Take a look at the code below, and fill in the ...
missing parts with the relevant details. Once you are happy with the code, run it. The resultant dendrogram should look much nicer.
penguin_dendro <- hcut(...,
k = ...,
hc_func = "agnes",
hc_method = "...",
hc_metric = "euclidean")
fviz_dend(penguin_dendro)
Note: You will need to specify the measurement method, e.g. "ward"
in the hc_method =
argument.
Extension 2 - Fuzzy Clustering
For the previous clustering methods, each data point belonged to only one cluster. This is sometimes referred to as hard clustering.
In contrast, in fuzzy clustering each point is allowed to belong to multiple clusters. The more similar the point is to other points in a cluster, the higher the point’s percentage of membership to that cluster.

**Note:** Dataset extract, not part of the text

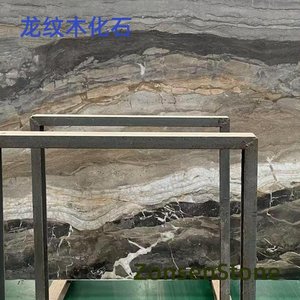 龙纹木化石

This could be helpful when a point naturally should belong to multiple clusters (for instance, if penguins were clustered into 6 clusters, for males and females of each species, then each penguin would belong to two clusters).
We can easily conduct fuzzy clustering using the fanny
function from the inbuilt cluster
R package. The process is similar to the k-means clustering process (conducted in 3.1) and the PAM clustering process (conducted in 4.1).
Use the fanny
function to conduct fuzzy clustering for \(k\) values of 2, 3, 4 and 5.
Note: The output for these analyses will include a membership coefficients
list of the membership percentages for each point. While it is not easy to visualise these, the output also includes the closest ‘hard’ cluster for each point, which can be called via $cluster
, as per the previous clustering techniques.
Next, use the fviz_nbclust
function to determine the best number of fuzzy clusters to use. Just use the wss
and silhouette
methods (the gap_stat
method can take a long time to compute for fuzzy clustering).
Note: Don’t worry if any warning messages like the one shown in the code chunk below appear - you should still be able to produce the plots:
## Warning in FUNcluster(x, i, ...): FANNY algorithm has not converged in 'maxit' =
## 500 iterations
Use the fviz_cluster
function and the code below to visualise the clusters for the fuzzy clustering result you chose above in 6.2. What do you conclude?
# This code assumes you are assessing a result stored in the object fuzzy_fit3
windows()
plot(as.numeric(penguins$species), col = fuzzy_fit3$cluster)
Great work, that’s everything for today!
That concludes our work on clustering techniques. Did you have a preference for one of the four techniques introduced in this computer lab?